Last year, the US sent $130 billion in exports to China, and now Beijing has placed tariffs on $50 billion of it, to match the US’s first salvo. The Chinese, though, shipped almost four times as much to American consumers, $505 billion. “China is going to run out of direct reprisals quickly,” an LPL Financial report concluded.

The money involved is not that major. The latest round of Trump retaliation is worth just $20 billion (10% of the $200 billion in Chinese imports). “The dollar amounts are not that large,” said Brian Nick, Nuveen’s chief investment strategist. “We can import the goods from someplace else” to substitute for the targeted Chinese merchandise, and the replacements will cost a little more than normal.

That’s just a small ripple in the $19 trillion American economy. And the upshot will be that US “business will be marginally less competitive,” Nick said, because it is paying more for Chinese wares.
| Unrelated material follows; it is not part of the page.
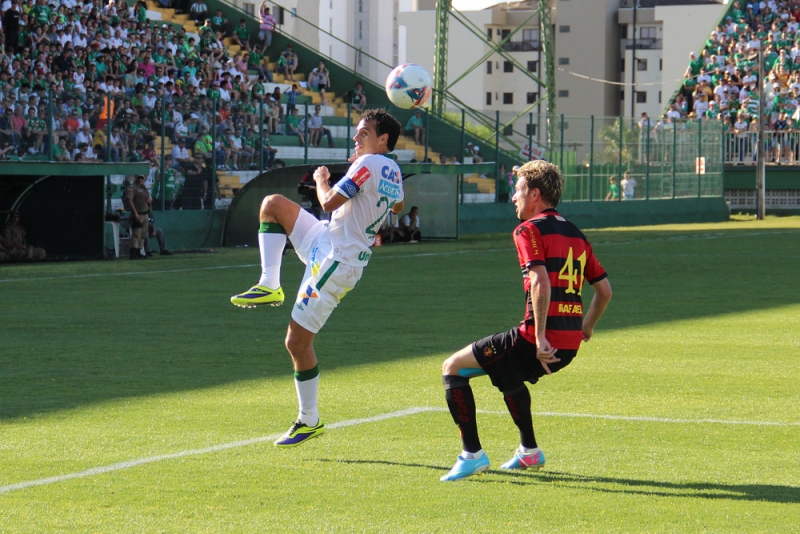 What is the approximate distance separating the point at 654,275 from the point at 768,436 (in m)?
14.0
On the other hand, things could spiral out of control, as they did in the trade war of the 1930s, which helped to deepen the Great Depression. There are other ways China can strike back, such as by limiting operations of American companies on its soil, such as Apple, which has large sales to the Chinese.

UBS researchers said that the top five US companies doing business in China, in terms of revenue exposure, are Skyworks Solutions, Qualcomm, Qorvo, Micron, and Broadcom, all of them tech outfits.

The good thing, from an American standpoint, is that the US economy is doing well and interest rates are low, a situation that is far more healthy than in the 1930s.